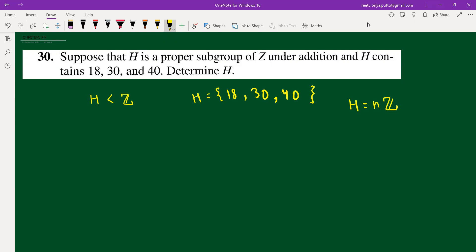Basically, what is asked is: what is nZ? Because every subgroup of Z can be written in the form nZ, and I have to find this n. One thing to clarify: I will first try to prove the closure property. Associativity is proved by the subset, identity is there because zero is there — since 18 is in H, minus 18 is also there, giving zero.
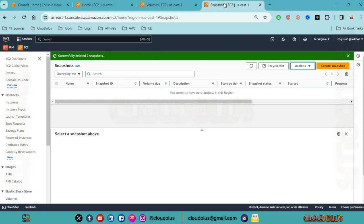This is the overall snapshot overview. We covered creating encrypted and unencrypted snapshots, and volumes created from encrypted and unencrypted snapshots. We will see more in the next video.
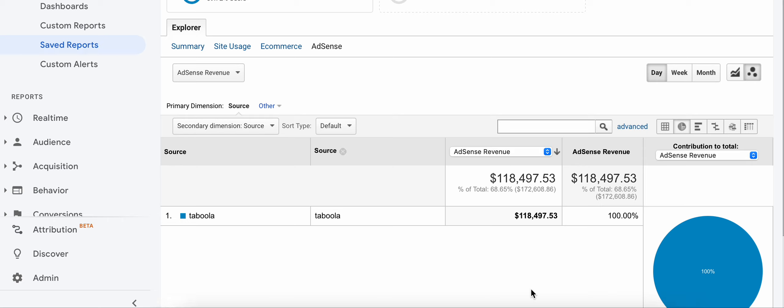Leave only the countries that have a high RPU and find more countries like those - campaigns in countries that have high RPU and high revenue.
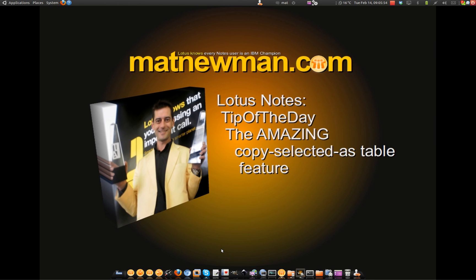G'day folks, Matt from matnewman.com and today's tip of the day is the amazing Copy Selected as Table feature.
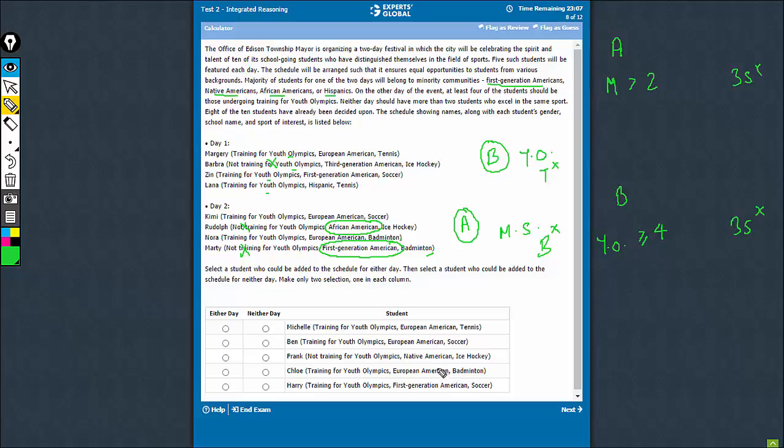And now let's go by elimination. You have a tennis here, so this cannot come in group B. It's European American, so it's not a minority student. So this cannot come in group A also. So therefore this is a good choice for neither day.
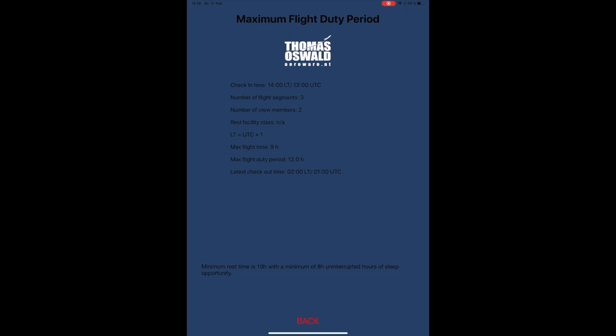There is also a message stating that the minimum rest time is always 10 hours according to regulations, of which 8 hours have to be the possibility of uninterrupted sleep. In one of my next updates I will also show the earliest check-in time, but this is not yet implemented in this version.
━━━
▶ WORK INSTRUCTION
Above are some entries. Restate word for word the lines from the one holding "This is the" through the one holding "And now let's", but not the pictures.

▶ SOLVED PROBLEM
This is the overall snapshot overview. We covered creating encrypted and unencrypted snapshots, and volumes created from encrypted and unencrypted snapshots. We will see more in the next video.
Leave only the countries that have a high RPU and find more countries like those - campaigns in countries that have high RPU and high revenue.
G'day folks, Matt from matnewman.com and today's tip of the day is the amazing Copy Selected as Table feature.
And now let's go by elimination. You have a tennis here, so this cannot come in group B. It's European American, so it's not a minority student. So this cannot come in group A also. So therefore this is a good choice for neither day.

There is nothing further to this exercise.